(Crawled caption data)
——

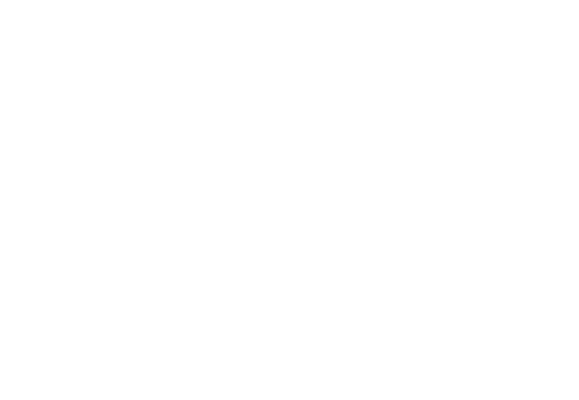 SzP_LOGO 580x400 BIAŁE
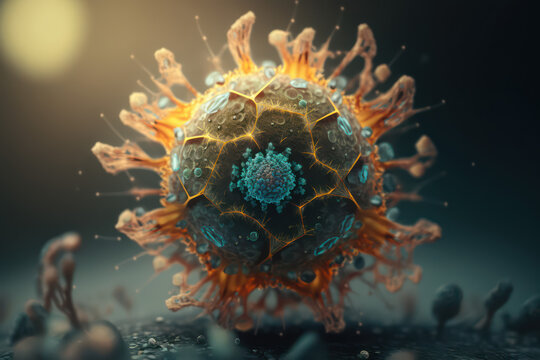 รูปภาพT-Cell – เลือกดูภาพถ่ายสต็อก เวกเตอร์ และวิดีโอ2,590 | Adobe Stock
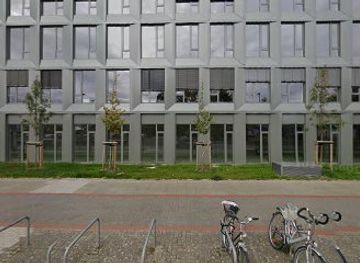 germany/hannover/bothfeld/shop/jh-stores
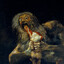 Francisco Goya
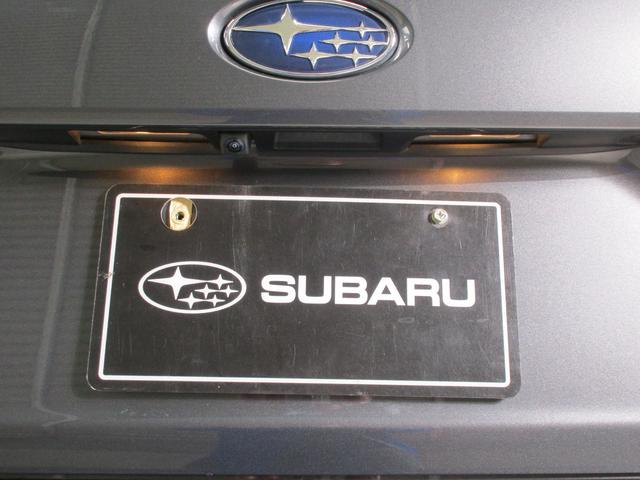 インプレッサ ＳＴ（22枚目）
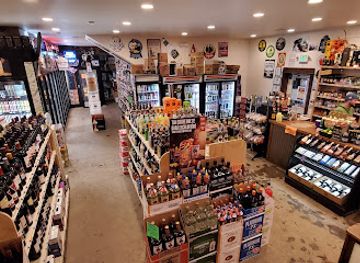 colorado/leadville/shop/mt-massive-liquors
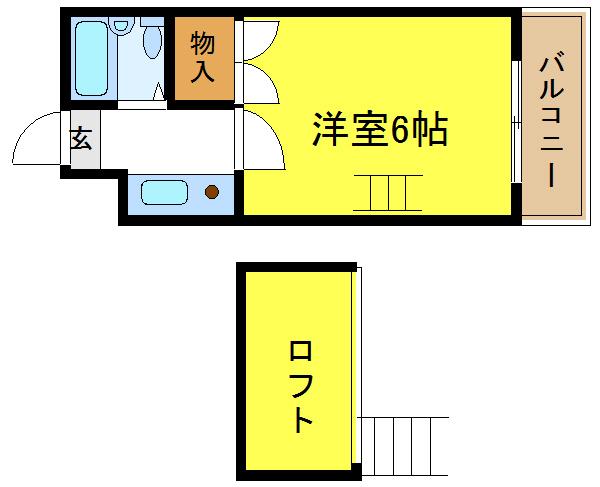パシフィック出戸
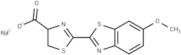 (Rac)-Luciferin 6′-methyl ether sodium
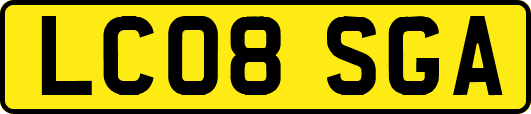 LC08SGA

——

- [ABOUT THIS TASK] Repeat, exactly and only, the lines from the one containing "インプレッサ ＳＴ（22枚目）" through the final line of the data, both ends included, leaving out any picture.

- [WRITTEN SOLUTION]
 インプレッサ ＳＴ（22枚目）
 colorado/leadville/shop/mt-massive-liquors
パシフィック出戸
 (Rac)-Luciferin 6′-methyl ether sodium
 LC08SGA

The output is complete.